> _Work instructions_
The material below holds pictures, which are to be left out; copy exactly the lines from the one with "living room featuring" through the one with "recreation room with".
*** Opening of Given information ***
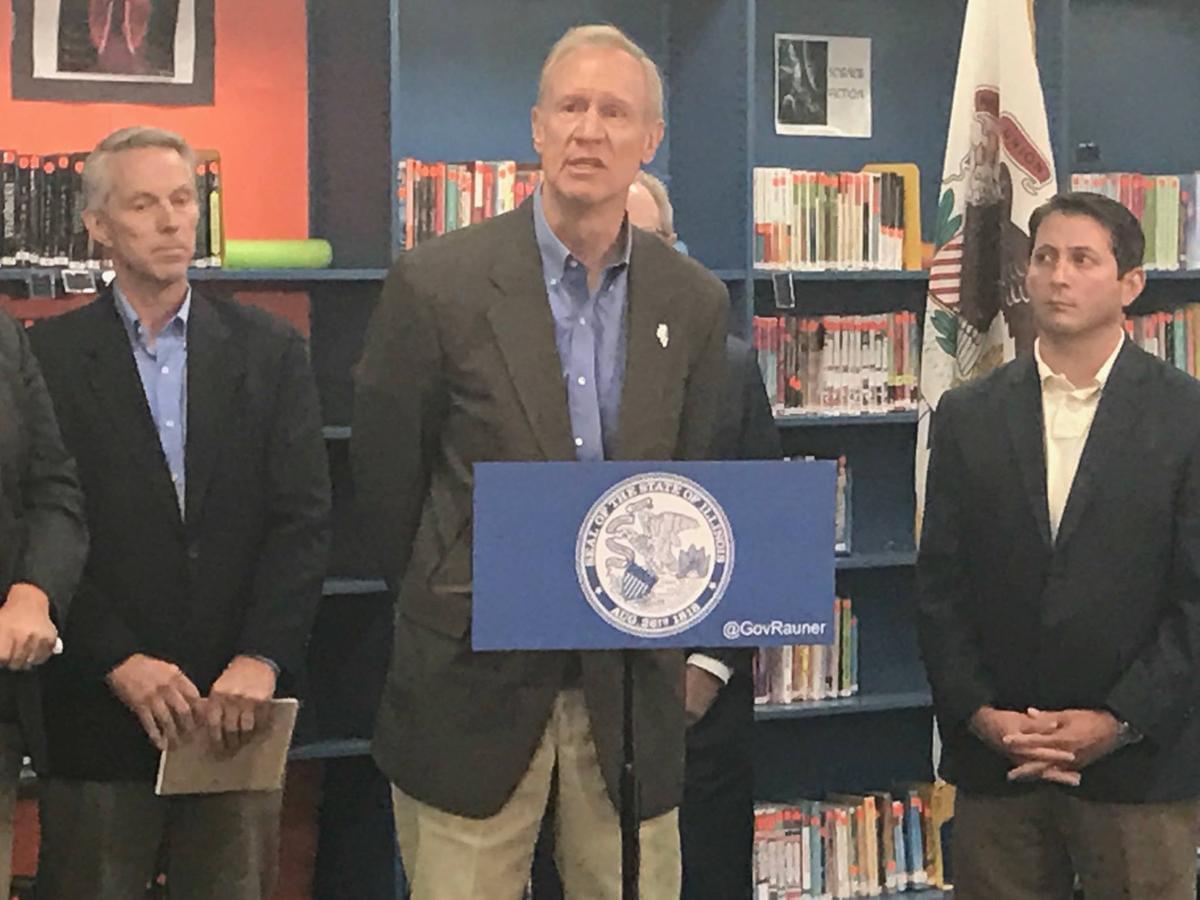 Gov. Bruce Rauner holds a press conference in Mt. Zion Junior High School to "demand" that Democrats send him their school funding plan so that he can veto parts of it.
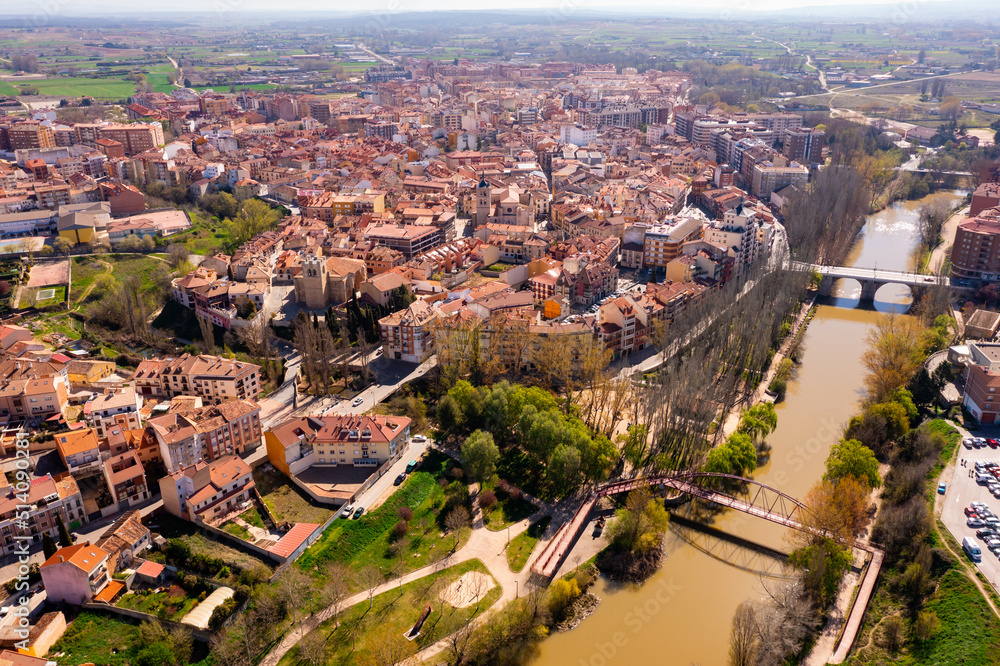 Scenic drone view of modern residential areas of Aranda de Duero city on banks of Duero river on sunny spring day on background of natural rural landscape, Burgos, Spain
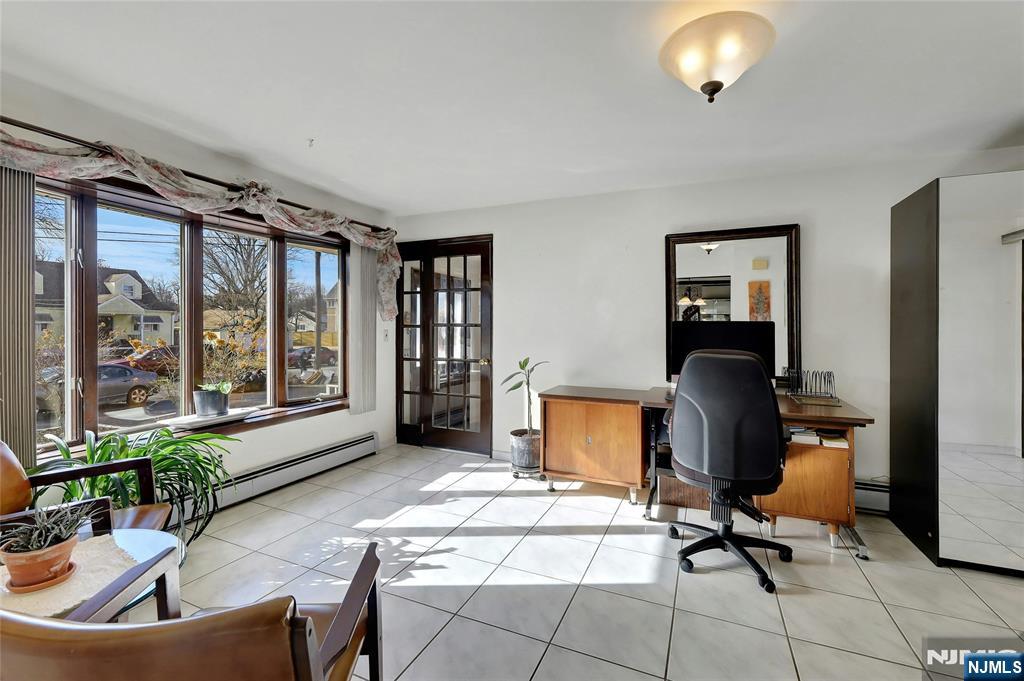4 Highfield Court Wayne, NJ 07470 - Photo 12 of 49 a view of a workspace with furniture and a window
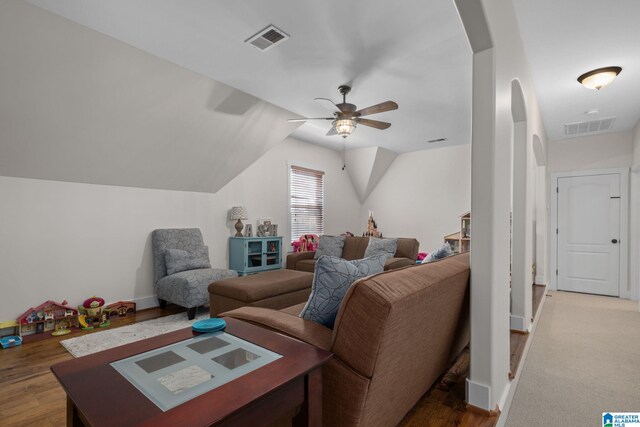 living room featuring ceiling fan, hardwood / wood-style flooring, and lofted ceiling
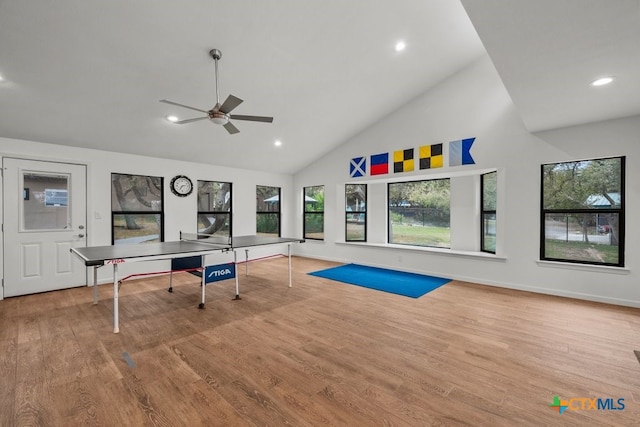 playroom with light wood-type flooring, ceiling fan, and high vaulted ceiling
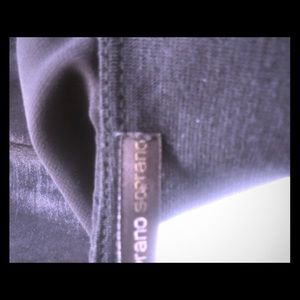 Cutest tight black dress with a ruffle top.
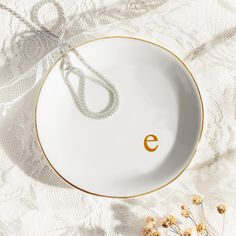 a white and gold plate with an e on the side, next to dried flowers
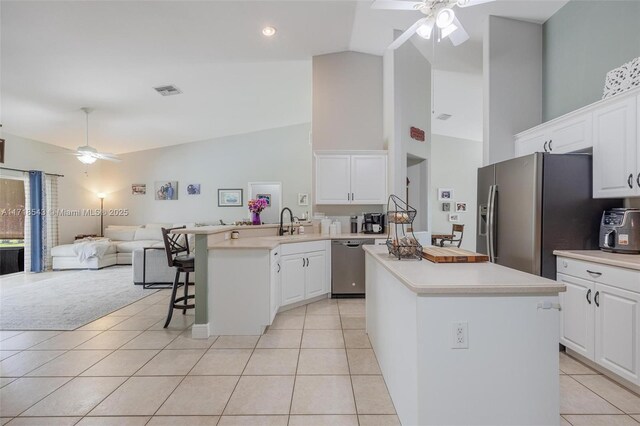 recreation room with ceiling fan and light tile patterned floors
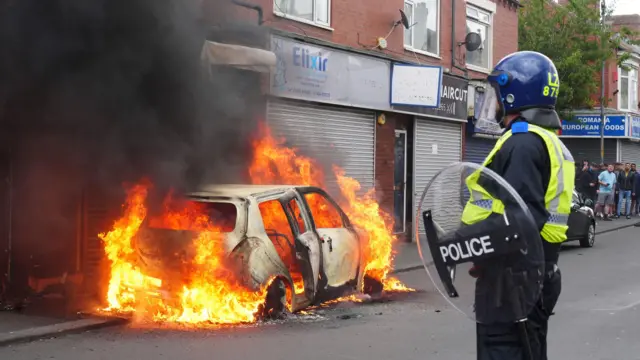 A police officer carrying a riot shield and wearing a helmet looks on as flames rise from a car on Middlesbrough's Parliament Road. A small crowd on people can be seen on a nearby corner.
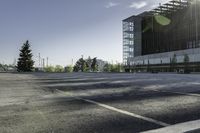 there is a parking lot in the middle of a large, open building with windows and many pine trees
*** Close of Given information ***
> _Written answer_
 living room featuring ceiling fan, hardwood / wood-style flooring, and lofted ceiling
 playroom with light wood-type flooring, ceiling fan, and high vaulted ceiling
 Cutest tight black dress with a ruffle top.
 a white and gold plate with an e on the side, next to dried flowers
 recreation room with ceiling fan and light tile patterned floors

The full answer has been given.